Un jeune appelé, qui a refusé d’indiquer son nom, se dit « pas convaincu de la guerre qui a lieu en Syrie, parce que les parties belligérantes suivent toutes des agendas différents, en particulier le régime syrien qui est soumis à l’Iran et la Russie. Cette guerre consiste pour le régime d’Assad à se maintenir du pouvoir, et je ne suis pas prêt à mourir pour des intérêts politiques qui ne sont pas importants pour moi ».

Karim, un jeune druze, a été emmené dans l’armée par la force alors qu’il se trouvait à Damas, où il a été arrêté lors d’un contrôle sur un barrage près de la capitale. Il s’est enfui et est retourné à Soueida. Il refuse, depuis, de sortir de sa ville. « J’ai été transféré dans une brigade située à Deir ez-Zor (Est). Mes supérieurs se comportaient d’une manière sectaire avec moi. Les officiers, de confession alaouite, nous disaient ouvertement que nous les druzes sommes des traîtres parce que nous refusons de nous battre pour notre pays. On nous infligeait un mauvais traitement, moi et trois autres conscrits de Soueida. Nous avons fini par soudoyer des officiers pour nous donner une autorisation de prendre quelques jours de vacances. Nous sommes alors retournés chez nous, et nous n’avons plus quitté la ville depuis », affirme-t-il.

Les relations entre le gouvernement syrien et la région de Soueida ne sont pas au beau fixe depuis des années. Le 25 juillet 2018, l’EI a attaqué la province. À la suite de cette attaque, plus de 220 personnes ont été tuées, dont un grand nombre de femmes et d’enfants. Et l’armée du régime n’était pas intervenue pour protéger la région druze, laissée à son propre sort. Des factions militaires locales avaient pris la défense de la région, expulsant les jihadistes, alors que l’armée loyaliste s’était auparavant retirée de la zone qui avait été attaquée, sans avertissement. Cela avait facilité l’attaque de l’EI, et suscité l’amertume de la population contre le régime syrien. Mais il n’y a pas eu d’affrontement entre les druzes et le régime.

Parallèlement, les factions armées de la communauté druze de Soueida sont devenues de plus en plus puissantes, étendant leur contrôle sur la région et empêchant les abus commis par les services de sécurité. Yasser* est l’un des chefs d’une de ces factions druzes.
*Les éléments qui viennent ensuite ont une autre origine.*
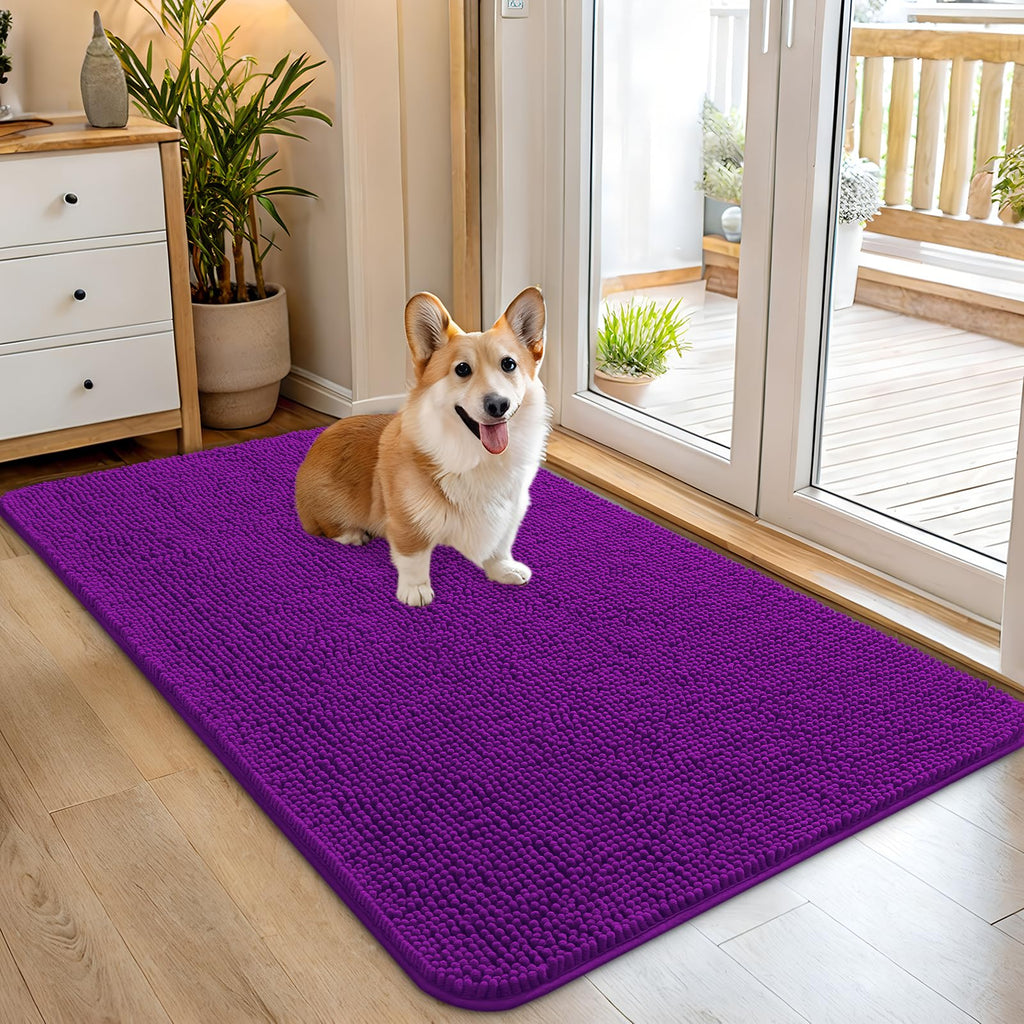 OLANLY Dog Door Mat for Muddy Paws 45x27, Super Absorbent Chenille Mud Mat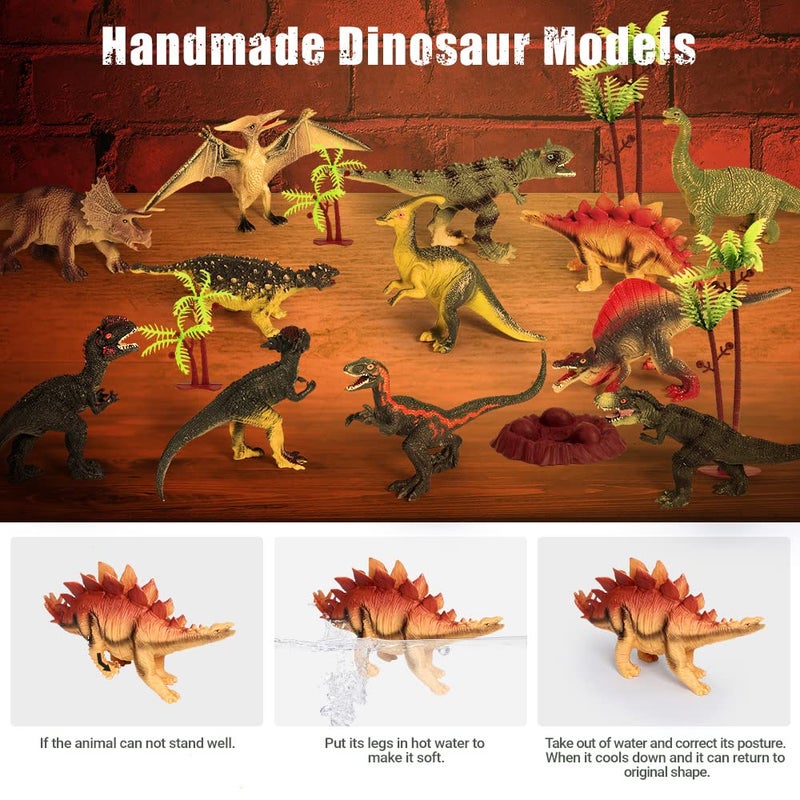 FRUSE Jurassic Dinosaur Toys Figures,12 PCS Realistic Large Dinosaur Figurines with Jumbo Play Mat & Information Dino Book,Educational Dino Figure Playset Cake Topper Decoration for Kids - Image 4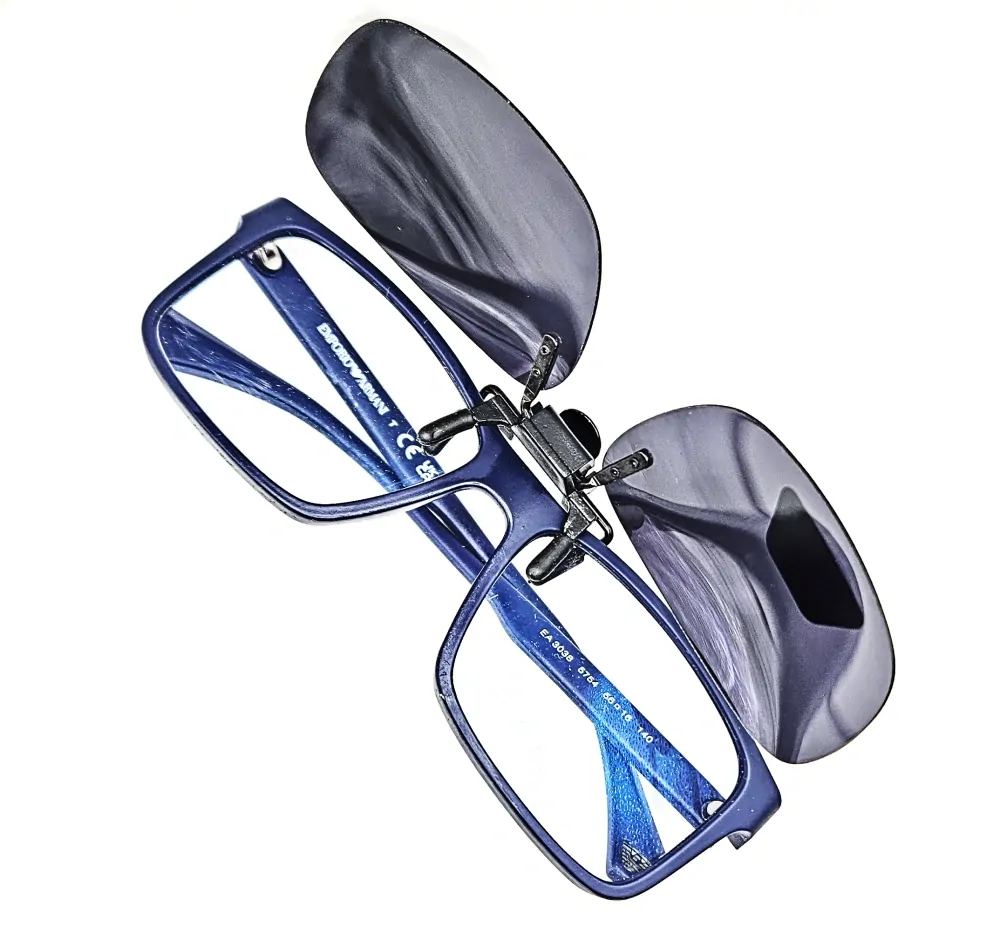 QiiM P-23 Polarizační Klips na Dioptrické Brýle, Šedý, UV400, 60x41mm, 8g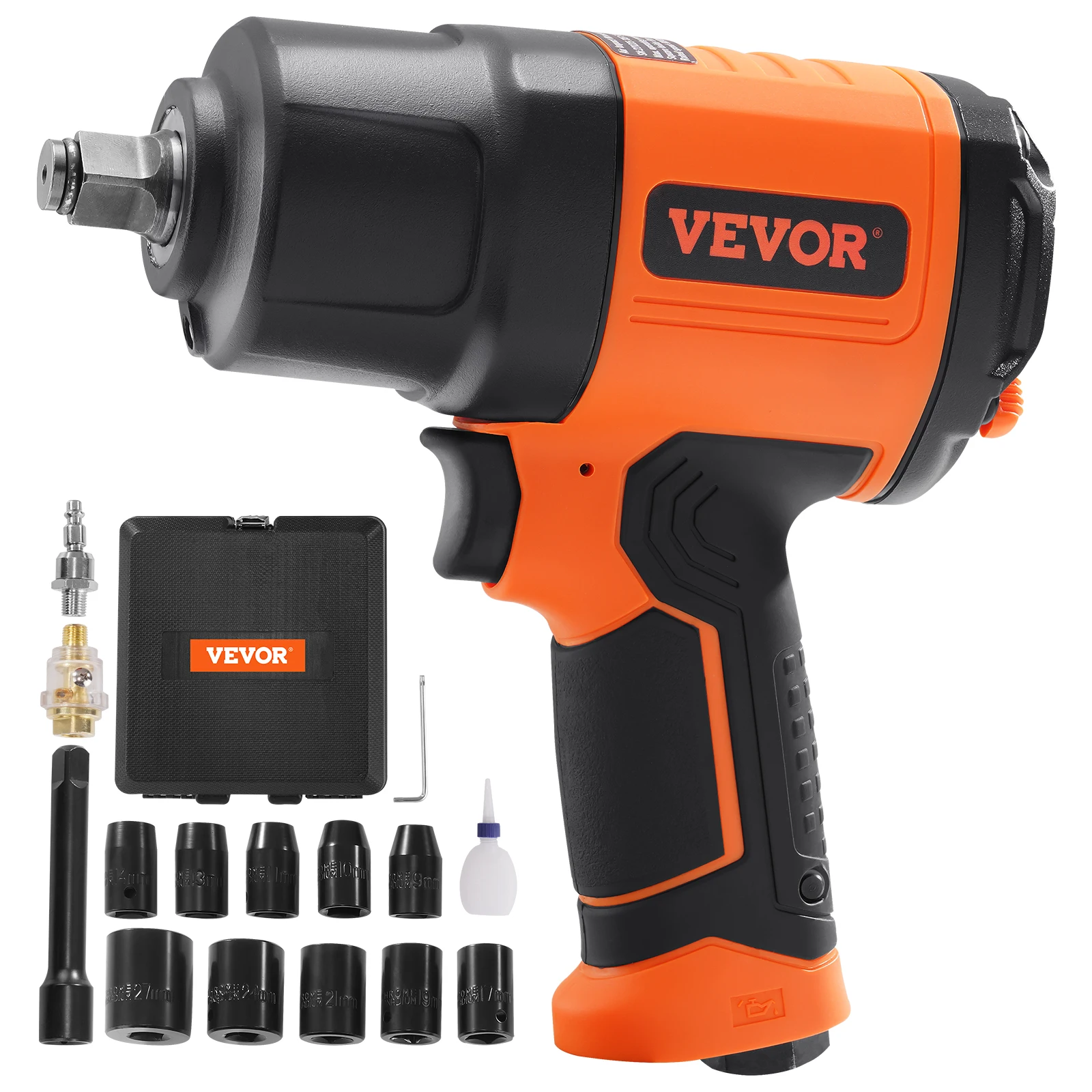 Lightweight 4.6 lb Design Pneumatic Impact Gun with 11-PCS 1/2-Inch Drive CR-V Steel Impact Socket Set & Carrying Case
Selon lui, « il y a quelques affrontements avec les services de sécurité de temps en temps, et cela ne nous pose aucun problème d’aller plus loin dans les combats si le régime décide de nous attaquer. Lorsque les manifestations ont commencé à Soueida, nous étions du côté des manifestants et avons envoyé un message au régime que nous sommes prêts à répondre s’ils sont attaqués ».



Quitter Soueida
Il faut dire qu’historiquement, Soueida n’a jamais bénéficié des faveurs du régime. Depuis 1970 et l’accession au pouvoir de Hafez el-Assad, père de l’actuel président Bachar, et jusqu’à ce jour, il n’y a jamais eu dans la région de véritables plans de développement. Ni du secteur public ni du secteur privé. À l’exception de quelques projets qui se comptent sur les doigts d’une main. Ce qui a contribué à la migration de la jeunesse de la province vers d’autres pays (monarchies du Golfe, Venezuela et autres). Le déclenchement de la guerre, la crise économique d’une ampleur inédite et l’insécurité galopante dans la région, tout cela a contribué à une augmentation du nombre de départs, en particulier vers l’Europe et le Canada, d’une manière légale en présentant des visas aux ambassades, ou bien d’une manière illégale à travers la mer, pour fuir la pauvreté et le chômage.

« Depuis le début de la crise, nous nous efforçons de rester dans notre pays, mais en raison du manque d’opportunités d’emploi à Soueida, de nombreux jeunes se sont tournés vers l’étranger, en Europe, au Canada ou en Turquie, pour s’offrir une nouvelle vie », explique Mazen el-Ismi, un jeune de la région, fraîchement diplômé. Et de poursuivre : « Le niveau de chômage ici est très élevé et les possibilités de trouver un emploi sont rares. La majorité des familles de Soueida dépend des rentrées financières transférées par leurs enfants expatriés à l’étranger. Personnellement, je ne peux plus supporter le coût de la vie et il est difficile pour moi de vivre dignement avec ma femme dans cette ville. Quitter Soueida pour une nouvelle vie à l’étranger est inévitable ».